Step 3 – Run the App

Build and run the app on a supported device.
If Apple Intelligence is active, you’ll be able to type any natural language prompt (like “Summarize SwiftUI in two sentences”) and get a local AI-generated response instantly.
If the model isn’t yet available, the app will display a helpful fallback message instead.

Run Local AI View

Step 4 – Extend and Experiment

From here, you can:

  • Add temperature and token controls using GenerationOptions.
  • Reuse a session for multi-turn conversations.
  • Create task-specific instructions, like summarizing or generating tags.

This example demonstrates how easy it is to bring on-device AI into your SwiftUI projects using Apple’s Foundation Models framework without relying on external APIs or network connections.

Language and Locale Support

Overview

The on-device foundation model is multilingual, which means it can understand and generate content in multiple languages supported by Apple Intelligence.
Unlike traditional language models that require separate downloads or configurations, the same model dynamically adapts to the language of the user or the language you specify in your app’s instructions.

To create a seamless user experience, your app should:

  • Detect the user’s preferred language.
  • Verify that it’s supported by the current model.
  • Gracefully handle cases where the language isn’t yet available.

Checking Language Support in Your App

Use the supportsLocale(_:) method on SystemLanguageModel.default to check whether Apple Intelligence supports the current language settings:

import FoundationModels

if SystemLanguageModel.default.supportsLocale() {
    print("Current language is supported by Apple Intelligence.")
} else {
    print("Current language is not supported yet.")
}

Retrieve the List of Supported Languages

For advanced use cases (for example, showing a language selector), you can query all supported languages using the supportedLanguages property

for language in SystemLanguageModel.default.supportedLanguages {
    print(language.identifier)
}

Prompting the Model in a Specific Language

When you provide prompts or instructions, you can explicitly set the desired language by writing your text in that language.
For example:

let session = LanguageModelSession(
    instructions: "Responde en español de forma breve y clara."
)

let prompt = "¿Qué es SwiftUI?"
let response = try await session.respond(to: prompt)
print(response)

Limitations and Best Practices

Apple Foundation Models offer powerful on-device AI but come with key constraints to consider.
Each LanguageModelSession supports a context window of ~4,096 tokens, so keep prompts short and focused.
The model can’t perform math, code generation, or complex reasoning, and may be unavailable while Apple Intelligence is disabled or still downloading.
To ensure good performance, limit maxTokens, use concise prompts, and profile with Xcode Instruments.
All processing stays private on device, but always validate inputs and provide a fallback UI when the model isn’t ready.

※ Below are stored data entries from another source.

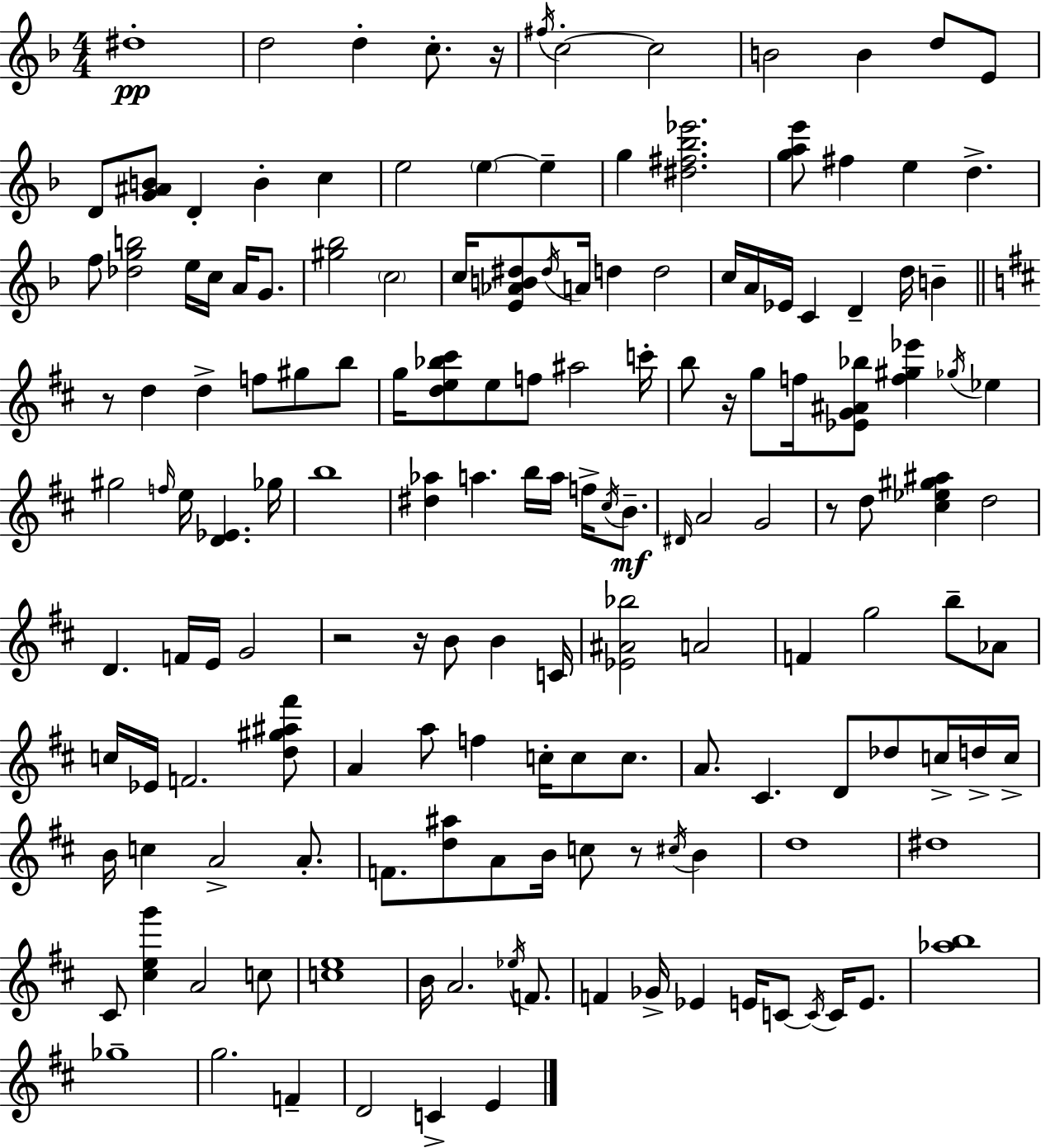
D#5/w D5/h D5/q C5/e. R/s F#5/s C5/h C5/h B4/h B4/q D5/e E4/e D4/e [G4,A#4,B4]/e D4/q B4/q C5/q E5/h E5/q E5/q G5/q [D#5,F#5,Bb5,Eb6]/h. [G5,A5,E6]/e F#5/q E5/q D5/q. F5/e [Db5,G5,B5]/h E5/s C5/s A4/s G4/e. [G#5,Bb5]/h C5/h C5/s [E4,Ab4,B4,D#5]/e D#5/s A4/s D5/q D5/h C5/s A4/s Eb4/s C4/q D4/q D5/s B4/q R/e D5/q D5/q F5/e G#5/e B5/e G5/s [D5,E5,Bb5,C#6]/e E5/e F5/e A#5/h C6/s B5/e R/s G5/e F5/s [Eb4,G4,A#4,Bb5]/e [F5,G#5,Eb6]/q Gb5/s Eb5/q G#5/h F5/s E5/s [D4,Eb4]/q. Gb5/s B5/w [D#5,Ab5]/q A5/q. B5/s A5/s F5/s C#5/s B4/e. D#4/s A4/h G4/h R/e D5/e [C#5,Eb5,G#5,A#5]/q D5/h D4/q. F4/s E4/s G4/h R/h R/s B4/e B4/q C4/s [Eb4,A#4,Bb5]/h A4/h F4/q G5/h B5/e Ab4/e C5/s Eb4/s F4/h. [D5,G#5,A#5,F#6]/e A4/q A5/e F5/q C5/s C5/e C5/e. A4/e. C#4/q. D4/e Db5/e C5/s D5/s C5/s B4/s C5/q A4/h A4/e. F4/e. [D5,A#5]/e A4/e B4/s C5/e R/e C#5/s B4/q D5/w D#5/w C#4/e [C#5,E5,G6]/q A4/h C5/e [C5,E5]/w B4/s A4/h. Eb5/s F4/e. F4/q Gb4/s Eb4/q E4/s C4/e C4/s C4/s E4/e. [Ab5,B5]/w Gb5/w G5/h. F4/q D4/h C4/q E4/q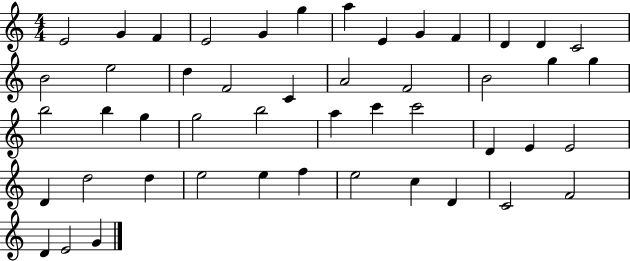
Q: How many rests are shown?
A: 0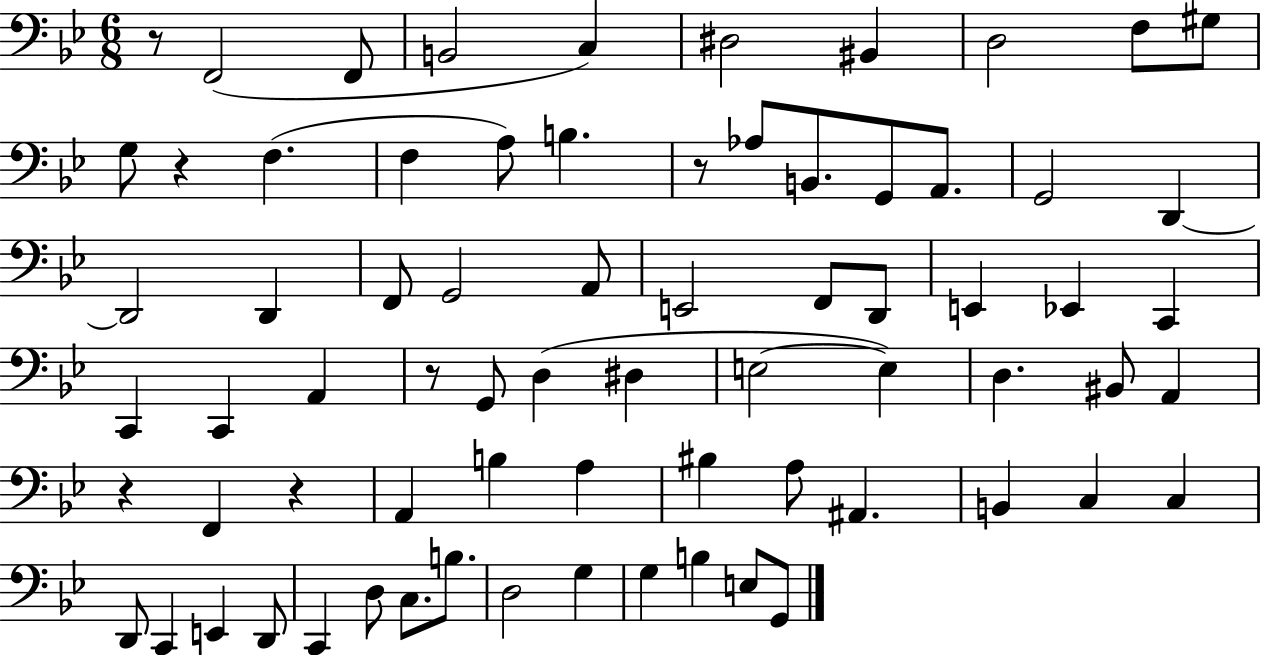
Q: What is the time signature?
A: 6/8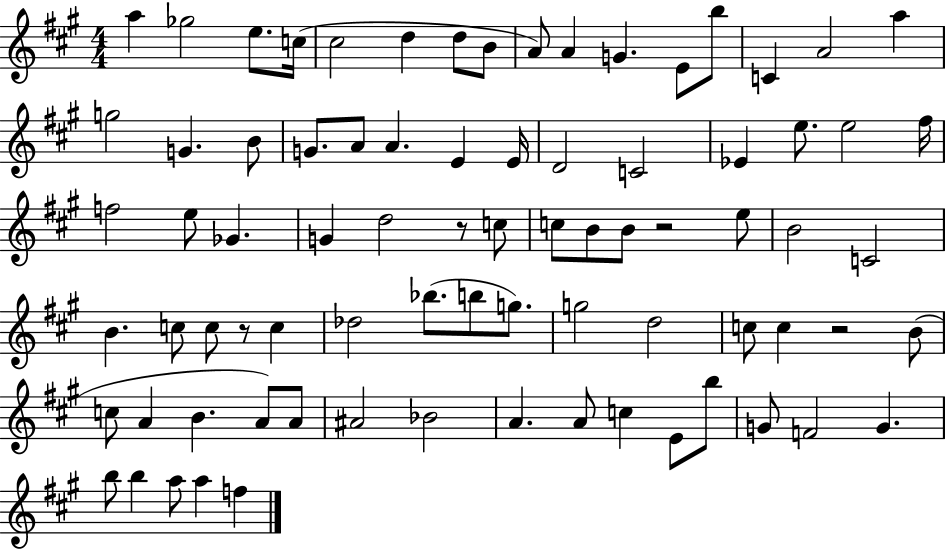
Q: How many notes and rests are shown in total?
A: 79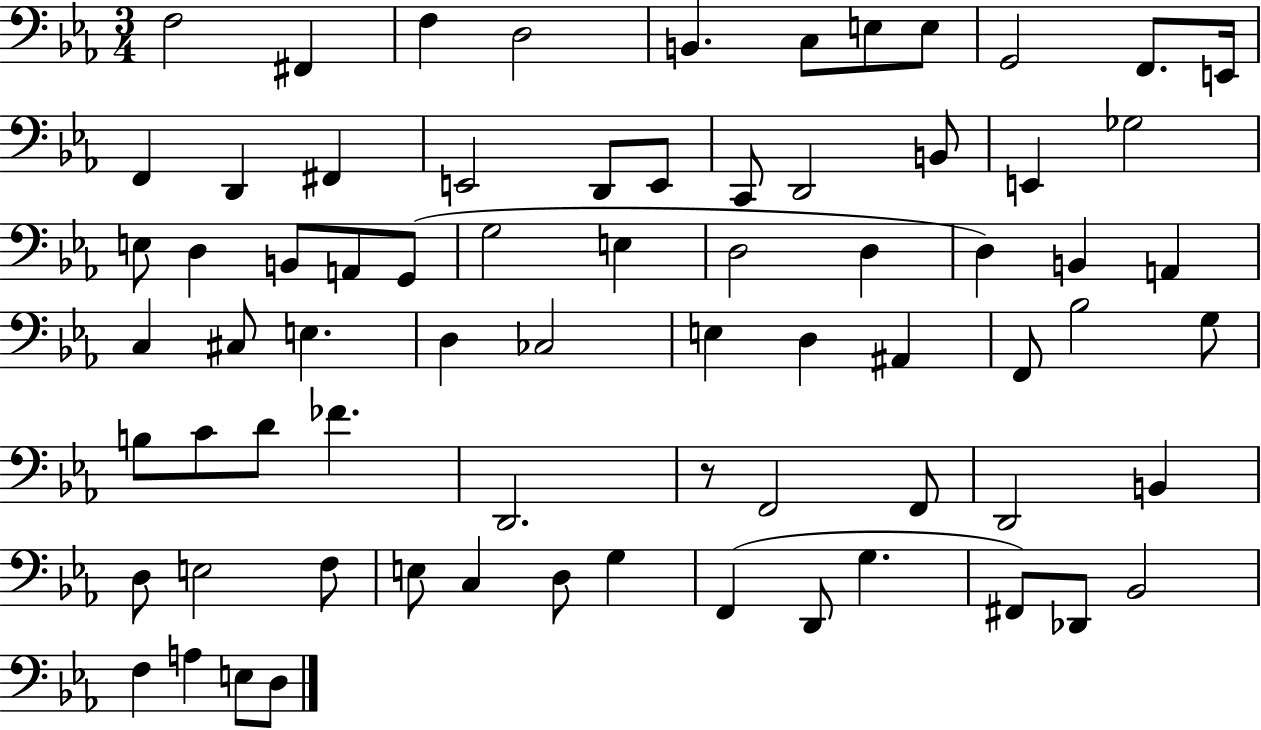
{
  \clef bass
  \numericTimeSignature
  \time 3/4
  \key ees \major
  f2 fis,4 | f4 d2 | b,4. c8 e8 e8 | g,2 f,8. e,16 | \break f,4 d,4 fis,4 | e,2 d,8 e,8 | c,8 d,2 b,8 | e,4 ges2 | \break e8 d4 b,8 a,8 g,8( | g2 e4 | d2 d4 | d4) b,4 a,4 | \break c4 cis8 e4. | d4 ces2 | e4 d4 ais,4 | f,8 bes2 g8 | \break b8 c'8 d'8 fes'4. | d,2. | r8 f,2 f,8 | d,2 b,4 | \break d8 e2 f8 | e8 c4 d8 g4 | f,4( d,8 g4. | fis,8) des,8 bes,2 | \break f4 a4 e8 d8 | \bar "|."
}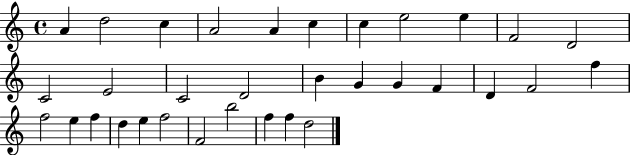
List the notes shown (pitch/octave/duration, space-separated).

A4/q D5/h C5/q A4/h A4/q C5/q C5/q E5/h E5/q F4/h D4/h C4/h E4/h C4/h D4/h B4/q G4/q G4/q F4/q D4/q F4/h F5/q F5/h E5/q F5/q D5/q E5/q F5/h F4/h B5/h F5/q F5/q D5/h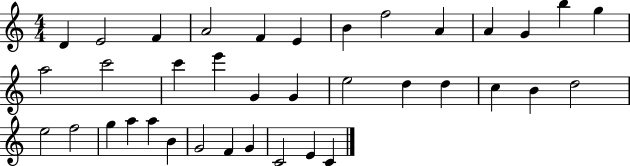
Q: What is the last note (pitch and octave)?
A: C4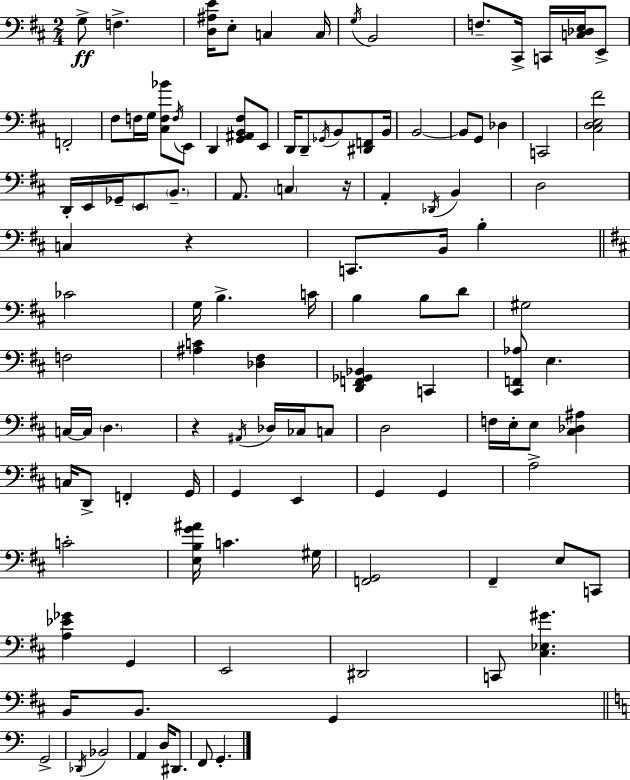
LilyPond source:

{
  \clef bass
  \numericTimeSignature
  \time 2/4
  \key d \major
  g8->\ff f4.-> | <d ais e'>16 e8-. c4 c16 | \acciaccatura { g16 } b,2 | f8.-- cis,16-> c,16 <c des e>16 e,8-> | \break f,2-. | fis8 f16 g16 <cis f bes'>8 \acciaccatura { f16 } | e,8 d,4 <g, ais, b, fis>8 | e,8 d,16 d,8-- \acciaccatura { ges,16 } b,8 | \break <dis, f,>8 b,16 b,2~~ | b,8 g,8 des4 | c,2 | <cis d e fis'>2 | \break d,16-. e,16 ges,16-- \parenthesize e,8 | \parenthesize b,8.-- a,8. \parenthesize c4 | r16 a,4-. \acciaccatura { des,16 } | b,4 d2 | \break c4 | r4 c,8. b,16 | b4-. \bar "||" \break \key d \major ces'2 | g16 b4.-> c'16 | b4 b8 d'8 | gis2 | \break f2 | <ais c'>4 <des fis>4 | <d, f, ges, bes,>4 c,4 | <cis, f, aes>8 e4. | \break c16~~ c16 \parenthesize d4. | r4 \acciaccatura { ais,16 } des16 ces16 c8 | d2 | f16 e16-. e8 <cis des ais>4 | \break c16 d,8-> f,4-. | g,16 g,4 e,4 | g,4 g,4 | a2-> | \break c'2-. | <e b g' ais'>16 c'4. | gis16 <f, g,>2 | fis,4-- e8 c,8 | \break <a ees' ges'>4 g,4 | e,2 | dis,2 | c,8 <cis ees gis'>4. | \break b,16 b,8. g,4 | \bar "||" \break \key a \minor g,2-> | \acciaccatura { des,16 } bes,2 | a,4 d16 dis,8. | f,8 g,4.-. | \break \bar "|."
}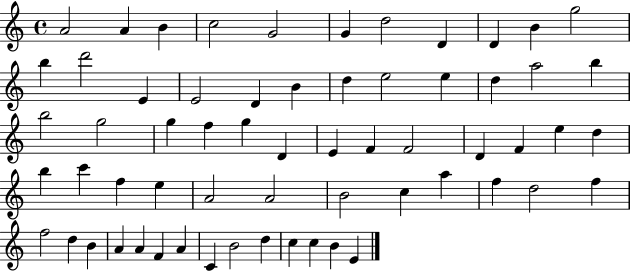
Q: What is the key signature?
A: C major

Design with these limits in mind to create stable, fast, and privacy-respecting AI experiences on Apple platforms.

Conclusion

Having access to a local AI model can be extremely valuable when you want to integrate intelligent behavior into your apps without relying on third-party APIs or an internet connection.
Apple Foundation Models make it possible to summarize content, refine user input or enhance app responses entirely on device, with full privacy and zero network dependency.

While the current capabilities are still limited to text-based tasks, this framework marks an important first step. It’s a powerful foundation for experimenting, prototyping and learning how to bring AI features directly into your Swift and SwiftUI projects locally, privately and efficiently.